• Data to process
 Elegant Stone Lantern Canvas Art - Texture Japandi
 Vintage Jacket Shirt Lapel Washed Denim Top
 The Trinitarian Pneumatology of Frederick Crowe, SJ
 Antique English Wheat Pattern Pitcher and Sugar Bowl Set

* * *

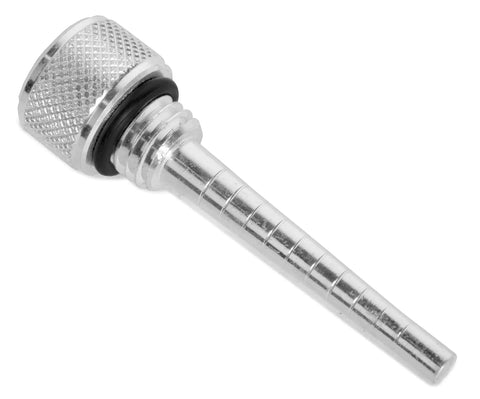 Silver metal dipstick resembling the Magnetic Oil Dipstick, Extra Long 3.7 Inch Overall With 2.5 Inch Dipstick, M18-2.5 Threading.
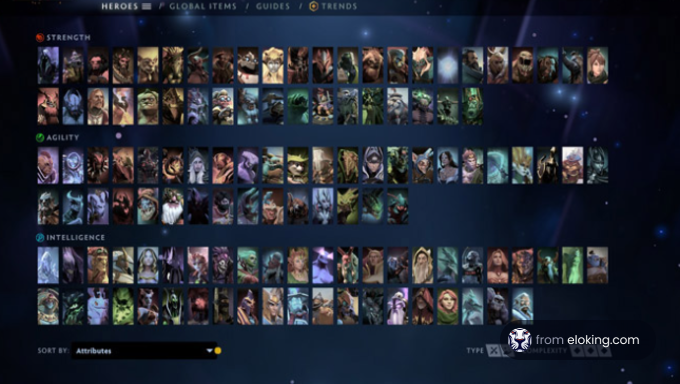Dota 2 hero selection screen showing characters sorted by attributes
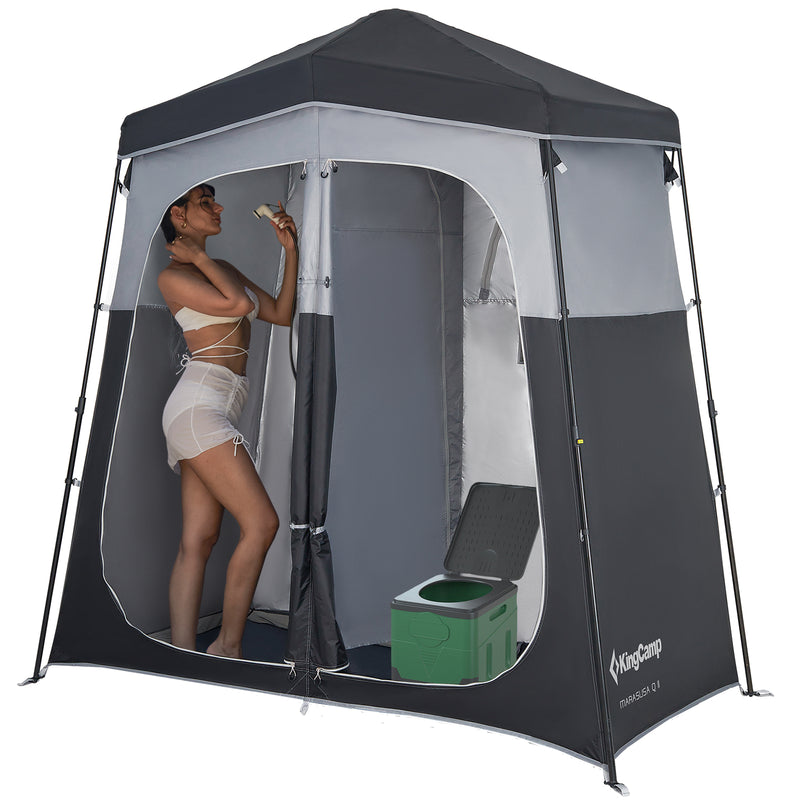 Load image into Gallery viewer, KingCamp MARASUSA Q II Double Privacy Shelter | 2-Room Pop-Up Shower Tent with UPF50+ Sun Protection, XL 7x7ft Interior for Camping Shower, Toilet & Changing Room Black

• Brief
Look above for the line with "Silver metal dipstick" and the line with "Load image into", then copy them and all lines in between exactly as written, and only those, without any pictures.

• Exercise solution
 Silver metal dipstick resembling the Magnetic Oil Dipstick, Extra Long 3.7 Inch Overall With 2.5 Inch Dipstick, M18-2.5 Threading.
Dota 2 hero selection screen showing characters sorted by attributes
 Load image into Gallery viewer, KingCamp MARASUSA Q II Double Privacy Shelter | 2-Room Pop-Up Shower Tent with UPF50+ Sun Protection, XL 7x7ft Interior for Camping Shower, Toilet & Changing Room Black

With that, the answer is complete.